Skuld: Maritime Industry is Facing New Emerging Risks

by Ship & Bunker News Team
Tuesday March 31, 2015

The marine insurance industry, which for years has focused on risks such as the economy and weather, is now facing emerging technical, financial, and man-caused liabilities, says Skuld CEO Ståle Hansen

According to the International Union of Marine Insurance (IUMI), increasingly larger ships, along with more complex oil and gas drilling or construction projects, have created new technical problems to consider. 

In addition, even as the current environment of low oil prices and low interest rates has affected risk financially, it has become harder to maintain well-trained and qualified ship crews in the face of emerging technology. 

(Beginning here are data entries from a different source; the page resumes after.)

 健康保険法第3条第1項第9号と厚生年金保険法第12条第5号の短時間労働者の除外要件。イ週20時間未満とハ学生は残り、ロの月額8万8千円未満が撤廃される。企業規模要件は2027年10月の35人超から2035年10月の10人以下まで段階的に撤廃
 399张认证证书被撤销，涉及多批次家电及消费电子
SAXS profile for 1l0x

"As risk evolves, so insurers need to evolve and diversify, not only in terms of the products they have available, but the service they offer to support and manage those products," saidHansen.

As members of a particularity traditional part of the industry, insurers need to innovate, especially in the arena of human capital, he said. 

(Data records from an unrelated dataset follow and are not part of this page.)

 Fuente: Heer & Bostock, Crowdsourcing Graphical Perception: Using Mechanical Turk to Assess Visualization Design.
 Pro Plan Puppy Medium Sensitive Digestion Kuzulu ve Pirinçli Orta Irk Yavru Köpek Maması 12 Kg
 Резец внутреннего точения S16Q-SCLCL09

According to Hansen, insurers need to have more experts who can use a company's monetary capital effectively in creating products that suit client's needs, which has become more important as marine operations have diversified. 

Companies may also need to improve relationships with managing general agents around the world in order to gain more business.

"From crew, to agent, to broker, to insurer, diversity of platform combined with the best people, with access to the best insurers will dictate the winners and losers in marine insurance in the future," he said. 

Last year Ship & Bunker's Inside Opinion predicted that increasing insurance costs for ever-larger box ships could ultimately be the deciding factor that caps their size.